Inconsistent documentation means the Department of Veterans Affairs was unable to track whether some of its most vulnerable veterans were vaccinated against COVID-19, and what the reason may be if they weren't, a new watchdog report shows.
The VA Office of the Inspector General found that the lack of documentation left the department without clear information on whether or not roughly a quarter of its nursing home residents received the vaccine and whether they did not receive it because of health concerns or refusal or because they had not yet been offered one.
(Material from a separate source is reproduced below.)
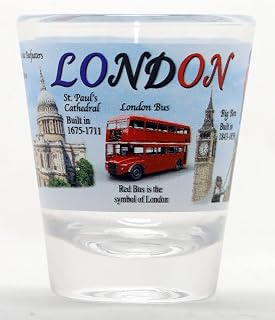 London England Blue Landmarks Collage Shot Glass
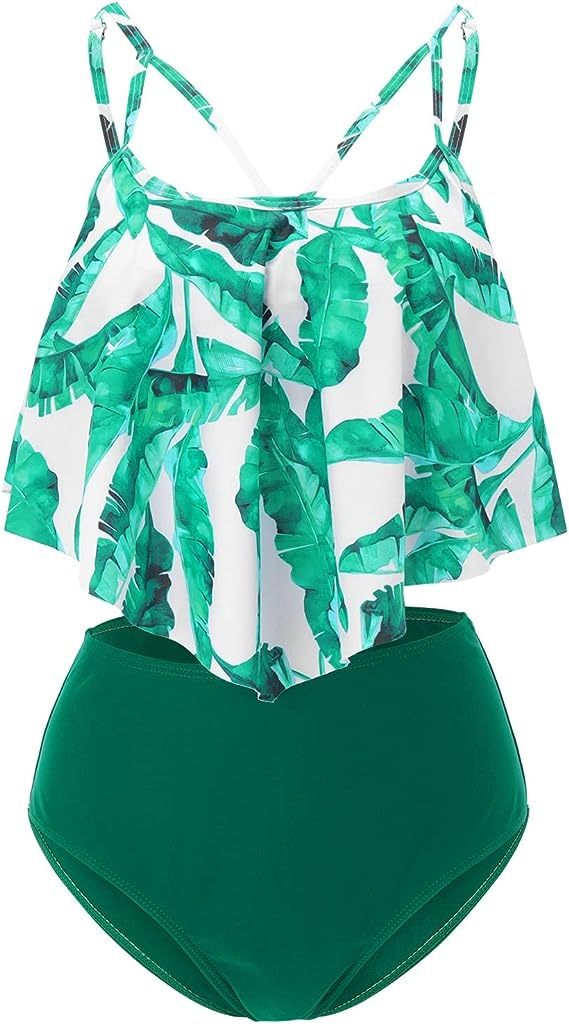 🌿 Tropical Leaf Ruffle One-Piece Swimsuit – Flattering & Fun Holiday Essential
VA nursing home staff told investigators that they either entered the vaccination information into the incorrect system, or they did not record it at all, and at the time of the inspector general's review, there was no national guidance for VA staff on tracking reasons why a veteran was not vaccinated.
Veterans in VA's 132 nursing homes, also known as community living centers, or CLCs, are among the highest priority groups for vaccines, but the inspector general's report shows that the overall vaccination rate for those residents was about 60% as of early January, including at least one nursing home that had no documented vaccinations. At least three nursing homes had vaccination rates of about 20%.
"Because CLC residents are in the highest-priority COVID-19 vaccine group, they should be offered the vaccine, when possible, before other groups of veterans," according to the report. "This information is especially important considering VHA has faced restrictions on the amount of vaccine available."
As of Jan. 19, the report showed that there was no documentation to show that 1,899 veterans in VA nursing homes -- about 23% -- had received vaccinations, or if they did not, what the reason may be.
"The vaccination rates increased nationally and at individual (nursing homes) during January as VHA started administering more of the vaccine ... However, the OIG determined that VHA could not know at a national level whether the vaccine was offered to some (nursing home) residents and, if so, what their status was," the report reads. "At a national level, VHA did not know why these residents had not been vaccinated or what proportion had not been offered the vaccine."
VA officials responded to the report, saying that more than 90% of department nursing home residents had received "at least one dose of a COVID-19 vaccine," as of Feb. 15, 2021. But the inspector general's report warned that because of poor documentation, that number may be unreliable since they "may be undermined by inconsistencies in how vaccination refusals, contraindications, deferrals, and other statuses are recorded for incoming, outgoing, and existing CLC residents."
Of the 5,887 residents living in VA nursing homes, 5,299, or 90% had received at least one dose of the vaccine, VA spokeswoman Susan Carter told Connecting Vets Wednesday.
"VA is grateful the OIG acknowledged its strides in rapidly distributing COVID-19 vaccines to CLC residents. OIG made no specific recommendations for improvement but noted opportunities for improvement in data collection," Carter added, echoing VA Acting Undersecretary for Health Dr. Richard Stone's response included in the report. "VHA will identify and evaluate gaps in documentation of CLC-provided vaccines and develop a corrective action plan to improve tracking of COVID-19 vaccination data."